I've written a java based web application, simple for now since I'm a beginner in this space. What it does is looks up the phone number of a person, when the user enters the name of the person in the jsp page. I'm using a hashmap for now where I've created two objects the person and the number and basically the map is the association of the person to the number. The reason I have person as an object is later on I plan to add more information to the person object. I also plan to eventually move the association to the database. However, in this specific situation where I have a hash map how do I handle the use case of a "person with the same name" can be two different users because according to my hashmap the key is the person object. Specifically, the user can look up the person by name. I also thought of adding a system generated id to the person object to make it unique but it doesn't solve the use case of two people having the same name as when the user is querying for the phone number he will only enter the person's name.
The simplest solution would be to have your value type be a list of people, so:
Map<String, List<Person>> map = new HashMap...
It sounds like your design could do with a bit of work though. While you're prototyping (pre database), for example, is there any reason you need to use a HashMap? Why not just store a List<Person>, and iterate the list each time you want to search? That would let you easily search on other properties of a person too.
Edit: In response to Phoenix's comment.
The approach is to store a list of all people with the given name in lists within the map.
To add a new person, you need to check if a person already exists with their name, and create an empty list to put them into if there isn't already a person. [Sorry, I don't have a compiler handy, so haven't compiled or tested this, but the idea should be right]

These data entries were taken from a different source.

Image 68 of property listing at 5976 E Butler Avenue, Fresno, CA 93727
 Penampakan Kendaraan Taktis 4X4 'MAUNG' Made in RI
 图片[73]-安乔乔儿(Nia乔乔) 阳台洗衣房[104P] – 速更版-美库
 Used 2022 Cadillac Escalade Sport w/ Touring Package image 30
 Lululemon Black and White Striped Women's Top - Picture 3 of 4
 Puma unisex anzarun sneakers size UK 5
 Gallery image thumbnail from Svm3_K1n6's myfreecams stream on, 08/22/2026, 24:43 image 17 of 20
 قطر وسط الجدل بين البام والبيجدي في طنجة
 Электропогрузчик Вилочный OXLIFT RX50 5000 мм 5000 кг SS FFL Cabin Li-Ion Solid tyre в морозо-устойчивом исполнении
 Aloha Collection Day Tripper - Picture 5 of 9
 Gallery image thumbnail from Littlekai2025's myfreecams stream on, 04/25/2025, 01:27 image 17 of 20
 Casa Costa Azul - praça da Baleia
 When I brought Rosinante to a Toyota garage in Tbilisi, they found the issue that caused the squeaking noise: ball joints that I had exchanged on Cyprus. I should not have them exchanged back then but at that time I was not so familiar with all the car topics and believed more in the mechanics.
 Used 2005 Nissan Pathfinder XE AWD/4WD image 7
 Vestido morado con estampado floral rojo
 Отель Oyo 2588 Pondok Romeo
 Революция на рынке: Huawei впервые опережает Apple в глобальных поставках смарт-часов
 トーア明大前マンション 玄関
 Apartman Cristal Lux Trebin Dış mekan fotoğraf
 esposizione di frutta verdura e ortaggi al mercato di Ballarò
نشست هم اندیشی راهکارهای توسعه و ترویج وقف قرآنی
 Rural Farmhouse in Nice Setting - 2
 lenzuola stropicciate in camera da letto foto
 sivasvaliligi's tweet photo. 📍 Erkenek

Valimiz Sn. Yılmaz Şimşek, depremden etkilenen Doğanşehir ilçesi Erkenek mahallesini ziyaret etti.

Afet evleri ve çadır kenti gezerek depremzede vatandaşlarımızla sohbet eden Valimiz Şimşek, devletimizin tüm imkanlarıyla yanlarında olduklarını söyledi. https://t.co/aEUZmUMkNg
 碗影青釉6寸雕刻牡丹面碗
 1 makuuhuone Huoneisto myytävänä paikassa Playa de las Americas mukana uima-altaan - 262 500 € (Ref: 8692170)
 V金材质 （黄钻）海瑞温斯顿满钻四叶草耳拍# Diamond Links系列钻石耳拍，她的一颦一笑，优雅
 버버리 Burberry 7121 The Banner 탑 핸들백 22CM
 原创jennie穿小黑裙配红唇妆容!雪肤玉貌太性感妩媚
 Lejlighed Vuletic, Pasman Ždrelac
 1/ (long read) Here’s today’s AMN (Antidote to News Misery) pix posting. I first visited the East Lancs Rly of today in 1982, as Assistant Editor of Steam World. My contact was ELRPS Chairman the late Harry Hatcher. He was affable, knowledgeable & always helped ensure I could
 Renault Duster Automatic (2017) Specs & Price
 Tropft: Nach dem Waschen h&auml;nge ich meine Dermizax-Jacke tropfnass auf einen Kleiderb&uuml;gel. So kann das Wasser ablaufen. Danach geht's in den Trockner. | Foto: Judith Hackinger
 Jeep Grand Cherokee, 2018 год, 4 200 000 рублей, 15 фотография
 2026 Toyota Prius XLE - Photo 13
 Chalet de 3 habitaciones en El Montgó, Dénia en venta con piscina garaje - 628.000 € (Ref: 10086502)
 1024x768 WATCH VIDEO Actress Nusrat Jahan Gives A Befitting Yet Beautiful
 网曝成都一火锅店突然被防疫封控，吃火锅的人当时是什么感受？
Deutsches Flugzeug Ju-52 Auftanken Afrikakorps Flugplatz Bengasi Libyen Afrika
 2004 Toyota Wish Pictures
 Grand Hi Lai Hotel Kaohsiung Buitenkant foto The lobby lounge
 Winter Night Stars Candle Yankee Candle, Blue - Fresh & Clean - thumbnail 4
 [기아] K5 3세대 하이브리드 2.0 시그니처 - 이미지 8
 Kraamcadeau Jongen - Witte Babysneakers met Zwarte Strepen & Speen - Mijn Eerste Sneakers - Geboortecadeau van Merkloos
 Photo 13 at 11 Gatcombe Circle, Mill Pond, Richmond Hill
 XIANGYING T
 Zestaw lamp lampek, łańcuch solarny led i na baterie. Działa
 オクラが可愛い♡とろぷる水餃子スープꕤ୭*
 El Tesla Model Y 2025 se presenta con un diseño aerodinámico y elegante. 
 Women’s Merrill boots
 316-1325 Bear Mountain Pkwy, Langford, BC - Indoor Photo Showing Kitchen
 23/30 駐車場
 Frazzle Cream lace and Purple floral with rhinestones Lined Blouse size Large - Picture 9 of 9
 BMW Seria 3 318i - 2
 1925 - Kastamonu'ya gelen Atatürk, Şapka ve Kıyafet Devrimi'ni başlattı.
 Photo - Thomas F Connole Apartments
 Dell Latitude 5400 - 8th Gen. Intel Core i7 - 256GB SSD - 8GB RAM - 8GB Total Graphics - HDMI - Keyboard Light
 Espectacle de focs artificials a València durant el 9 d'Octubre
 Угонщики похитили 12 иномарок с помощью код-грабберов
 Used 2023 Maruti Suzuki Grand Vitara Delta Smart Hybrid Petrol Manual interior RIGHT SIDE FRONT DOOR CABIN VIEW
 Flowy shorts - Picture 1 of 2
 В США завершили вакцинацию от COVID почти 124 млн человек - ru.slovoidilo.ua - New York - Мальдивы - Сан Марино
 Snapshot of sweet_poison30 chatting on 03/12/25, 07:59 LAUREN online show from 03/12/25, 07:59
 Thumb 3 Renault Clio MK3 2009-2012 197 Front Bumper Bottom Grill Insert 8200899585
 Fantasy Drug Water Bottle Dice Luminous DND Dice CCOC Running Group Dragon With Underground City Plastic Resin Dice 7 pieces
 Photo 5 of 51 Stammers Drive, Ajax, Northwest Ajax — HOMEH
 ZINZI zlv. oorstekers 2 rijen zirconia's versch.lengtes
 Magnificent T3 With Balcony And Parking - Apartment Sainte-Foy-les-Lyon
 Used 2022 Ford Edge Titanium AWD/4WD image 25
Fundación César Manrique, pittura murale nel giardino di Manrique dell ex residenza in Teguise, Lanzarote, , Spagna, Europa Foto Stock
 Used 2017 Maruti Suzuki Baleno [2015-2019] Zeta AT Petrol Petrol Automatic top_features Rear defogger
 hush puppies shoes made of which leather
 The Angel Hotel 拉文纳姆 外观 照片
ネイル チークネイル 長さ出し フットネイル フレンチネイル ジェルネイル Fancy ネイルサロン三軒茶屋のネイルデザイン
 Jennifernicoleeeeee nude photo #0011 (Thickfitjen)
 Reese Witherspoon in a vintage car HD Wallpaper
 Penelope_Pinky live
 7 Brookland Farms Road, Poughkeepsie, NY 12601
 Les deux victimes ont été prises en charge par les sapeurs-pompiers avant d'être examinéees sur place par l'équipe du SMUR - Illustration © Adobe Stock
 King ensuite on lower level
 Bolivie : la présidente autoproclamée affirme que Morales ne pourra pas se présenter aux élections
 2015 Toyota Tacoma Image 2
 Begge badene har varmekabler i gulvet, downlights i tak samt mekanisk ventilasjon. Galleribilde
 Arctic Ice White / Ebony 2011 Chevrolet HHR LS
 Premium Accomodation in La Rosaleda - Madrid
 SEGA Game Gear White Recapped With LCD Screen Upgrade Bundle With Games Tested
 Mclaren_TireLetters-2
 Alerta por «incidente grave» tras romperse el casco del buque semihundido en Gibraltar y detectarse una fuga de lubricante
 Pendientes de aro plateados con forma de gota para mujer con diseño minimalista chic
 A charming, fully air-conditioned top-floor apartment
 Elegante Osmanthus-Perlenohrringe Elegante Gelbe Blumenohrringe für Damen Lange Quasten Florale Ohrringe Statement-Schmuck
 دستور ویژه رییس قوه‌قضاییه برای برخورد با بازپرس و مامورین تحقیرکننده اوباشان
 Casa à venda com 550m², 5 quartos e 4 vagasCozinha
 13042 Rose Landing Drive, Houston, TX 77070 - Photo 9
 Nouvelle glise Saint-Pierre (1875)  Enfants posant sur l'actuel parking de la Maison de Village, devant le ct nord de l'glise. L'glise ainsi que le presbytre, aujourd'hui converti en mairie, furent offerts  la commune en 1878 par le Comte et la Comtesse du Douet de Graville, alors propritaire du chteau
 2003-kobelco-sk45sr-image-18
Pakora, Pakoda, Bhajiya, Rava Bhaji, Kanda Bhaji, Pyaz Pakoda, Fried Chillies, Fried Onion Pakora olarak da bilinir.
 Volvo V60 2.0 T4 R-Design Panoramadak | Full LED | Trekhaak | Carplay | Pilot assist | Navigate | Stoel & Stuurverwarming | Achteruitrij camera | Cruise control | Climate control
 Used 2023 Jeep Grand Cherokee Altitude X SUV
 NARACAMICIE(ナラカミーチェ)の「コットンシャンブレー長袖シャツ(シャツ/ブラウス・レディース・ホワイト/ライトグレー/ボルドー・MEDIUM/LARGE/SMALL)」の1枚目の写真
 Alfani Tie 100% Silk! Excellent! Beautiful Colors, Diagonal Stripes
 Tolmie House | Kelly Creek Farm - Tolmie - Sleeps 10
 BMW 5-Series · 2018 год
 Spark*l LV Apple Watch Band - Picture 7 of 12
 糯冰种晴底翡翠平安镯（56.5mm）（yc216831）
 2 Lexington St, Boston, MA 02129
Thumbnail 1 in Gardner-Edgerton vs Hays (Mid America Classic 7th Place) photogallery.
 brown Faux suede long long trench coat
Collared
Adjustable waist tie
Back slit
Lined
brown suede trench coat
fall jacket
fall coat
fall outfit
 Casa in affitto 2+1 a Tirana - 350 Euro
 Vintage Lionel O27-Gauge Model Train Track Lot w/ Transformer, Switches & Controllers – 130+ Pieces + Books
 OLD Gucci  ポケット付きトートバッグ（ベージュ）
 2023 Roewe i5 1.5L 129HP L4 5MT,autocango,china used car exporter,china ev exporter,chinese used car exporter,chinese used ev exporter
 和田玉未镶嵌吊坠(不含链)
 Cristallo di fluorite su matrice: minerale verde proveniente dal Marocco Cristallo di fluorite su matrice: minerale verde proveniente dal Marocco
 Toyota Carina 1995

void add(Map<String, List<Person>> map, Person p) {
if (!map.containsKey(p.name()) {
map.put(p.name(), new ArrayList<Person>());
}
// The map will always have a (possibly empty) list of people with a given name now
map.get(p.name()).add(p);
}
Looking people up is easy. To print all the people with a given name:
void printPeople(BufferedWriter out, Map<String, List<Person>> map, String name) {
for (Person p : map.get(name)) {
out.println(p.toString());
}
}
What about this?
Map<String, List<Person>> map = new HashMap<String, List<Person>>();
if(!map.contains(personName)){
map.put(personName, new ArrayList<Person>());
}
// Construct Person person = new Person(personName, phoneNumber);
map.get(personName).add(person);
You keep a list of person as Martin suggested and put the values as list of person instead of single person.
While iterating...
for(Person person : map.get(personName)){
// Process person.getPhoneNumber();
}
I'm adding a second answer here. My other answer shows how to implement it with a Map, but I don't think it's worth the effort.
If you're using a HashMap because you're worried about performance, then you'll fix that once you put the database backend in that you've mentioned. As a general rule, don't spend effort optimising code you know you're going to throw away anyway, or don't know for sure even needs optimising.
My solution (pending the real backend), would be to just use a List. You don't need to worry about getting your hashCode algorithm right, and I doubt it's going to come out significantly slower unless you have many thousands of entries.
public class People {
private List<Person> people = new ArrayList<Person>();
public void add(Person p) {
people.add(p);
}
public List<Person> findByName(String name) {
List<Person> result = new ArrayList<Person>();
for (Person p : people) {
if (p.getName().equals(name)) {
result.add(p);
}
}
return result;
}
It's just so much simpler and clearer than the Map solution.